> [Exercise input]
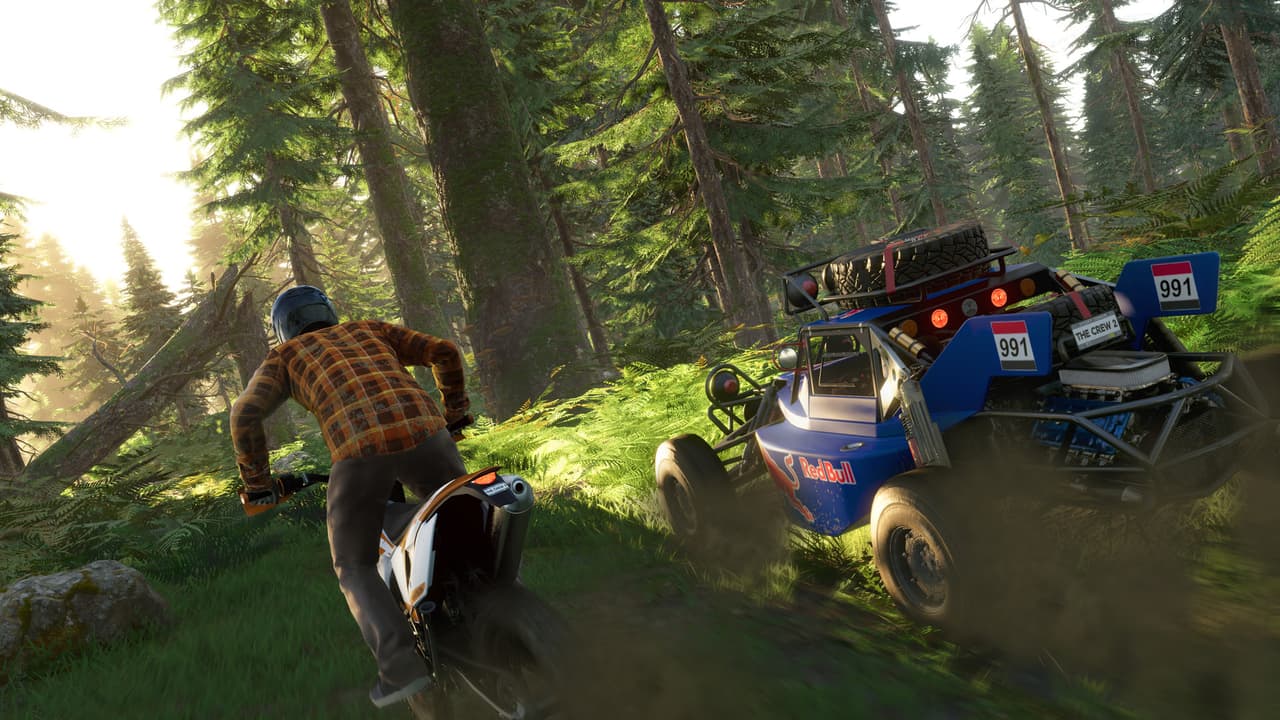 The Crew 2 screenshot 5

* * *

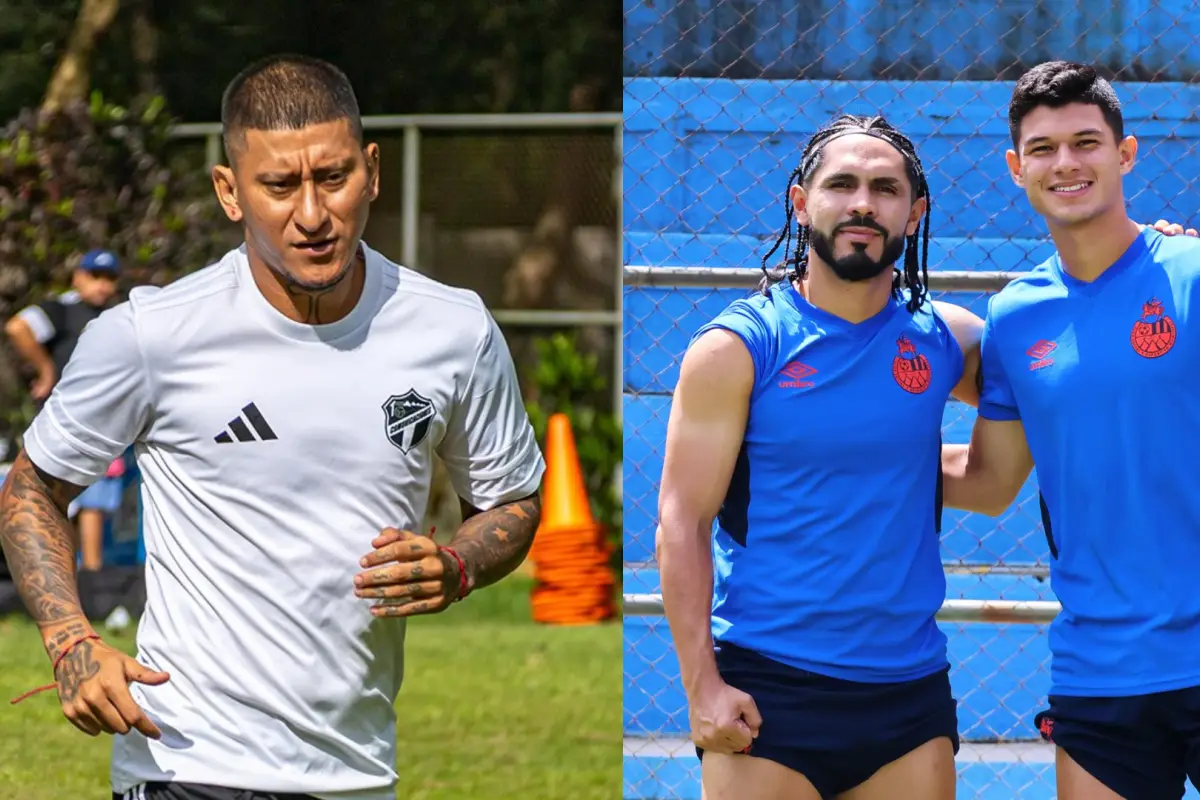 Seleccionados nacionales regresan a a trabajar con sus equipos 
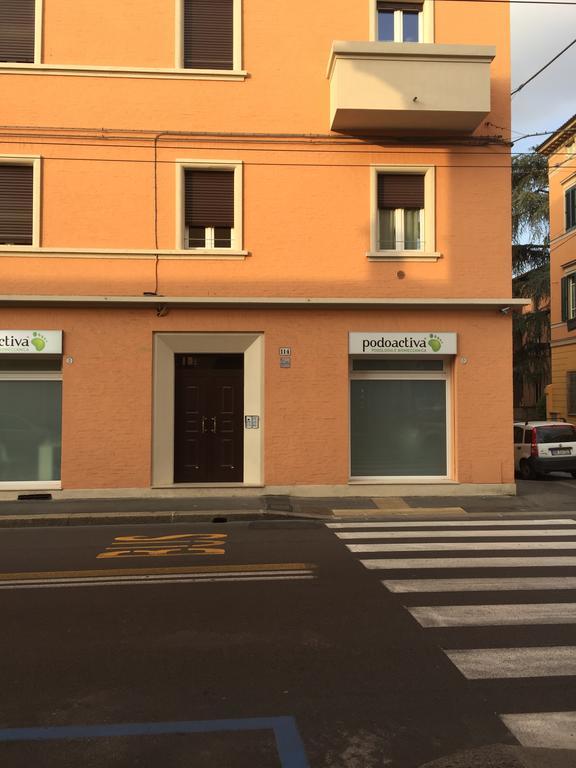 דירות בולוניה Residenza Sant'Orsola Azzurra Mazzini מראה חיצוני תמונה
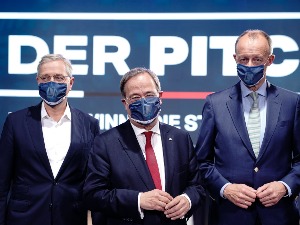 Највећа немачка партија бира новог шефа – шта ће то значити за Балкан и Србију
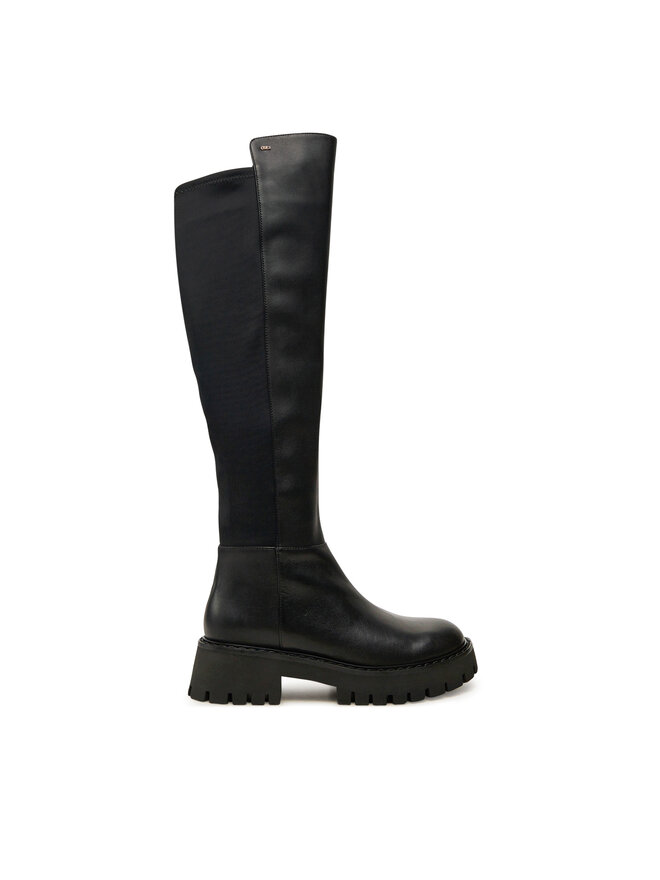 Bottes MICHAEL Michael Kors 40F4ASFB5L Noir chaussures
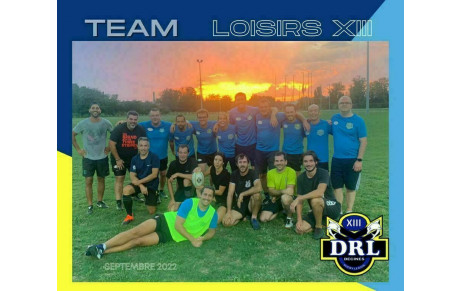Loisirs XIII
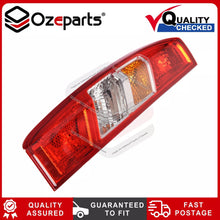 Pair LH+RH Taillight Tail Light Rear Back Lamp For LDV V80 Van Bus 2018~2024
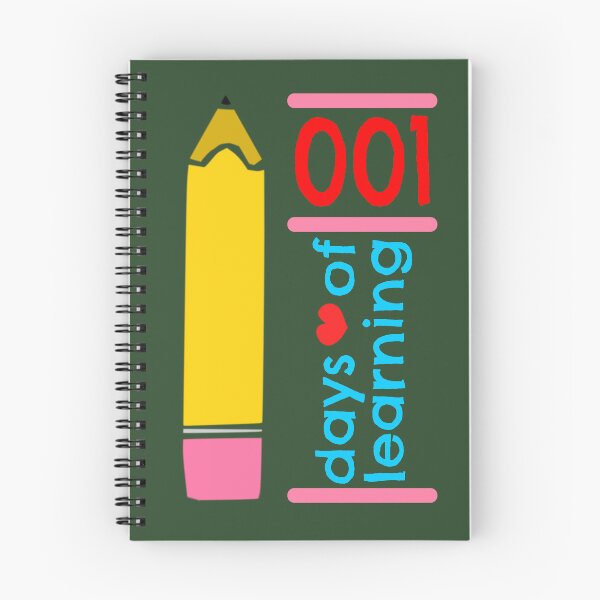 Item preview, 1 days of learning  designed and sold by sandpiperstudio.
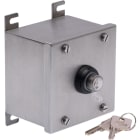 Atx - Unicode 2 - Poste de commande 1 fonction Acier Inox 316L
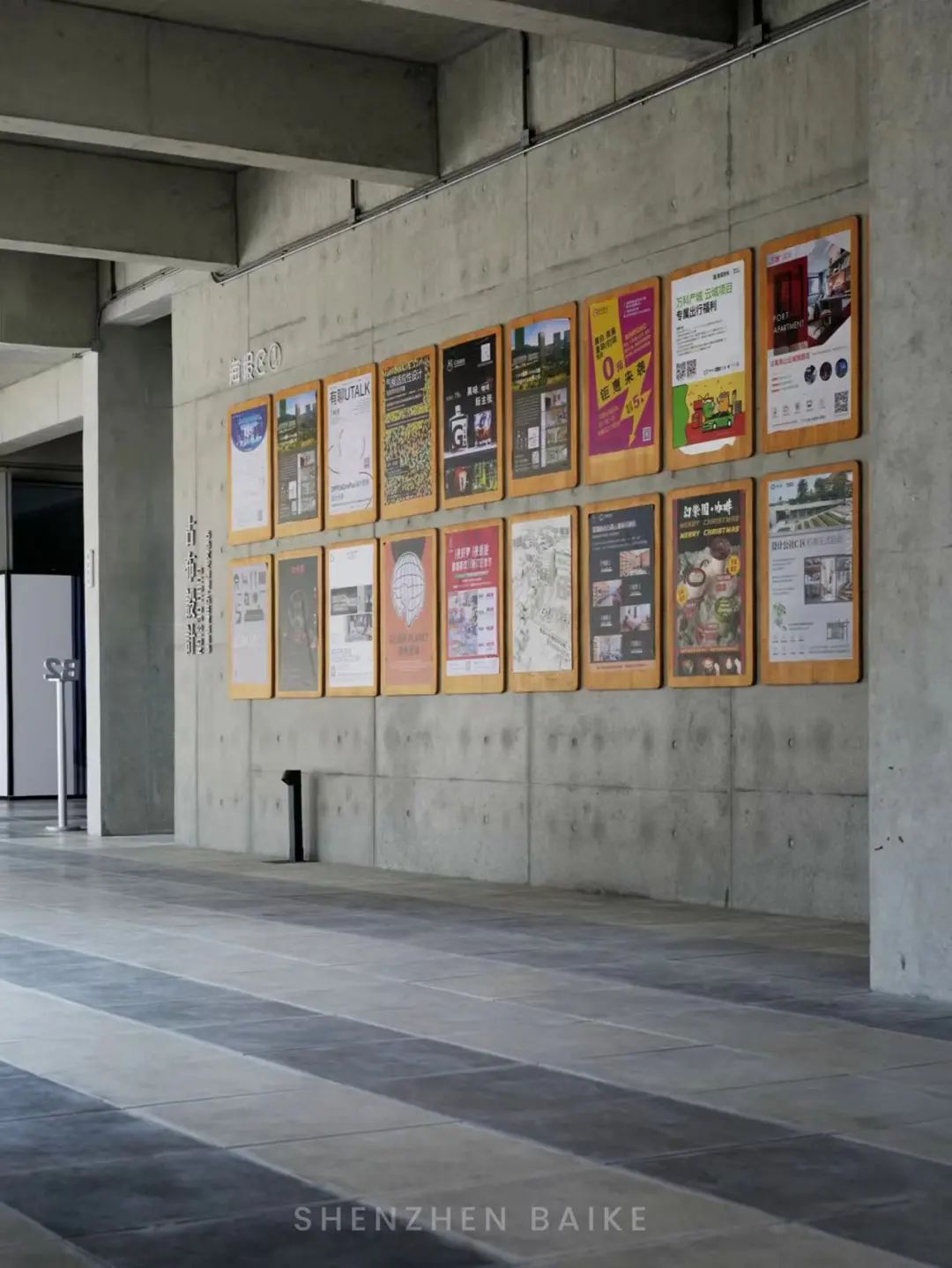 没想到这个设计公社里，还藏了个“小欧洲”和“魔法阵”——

> [Task requirements]
For this exercise, reproduce exactly the lines of the records above from the one with "Seleccionados nacionales regresan" up to and including the one with "Pair LH+RH Taillight", without pictures.

> [Expected answer]
 Seleccionados nacionales regresan a a trabajar con sus equipos 
 דירות בולוניה Residenza Sant'Orsola Azzurra Mazzini מראה חיצוני תמונה
 Највећа немачка партија бира новог шефа – шта ће то значити за Балкан и Србију
 Bottes MICHAEL Michael Kors 40F4ASFB5L Noir chaussures
Loisirs XIII
 Pair LH+RH Taillight Tail Light Rear Back Lamp For LDV V80 Van Bus 2018~2024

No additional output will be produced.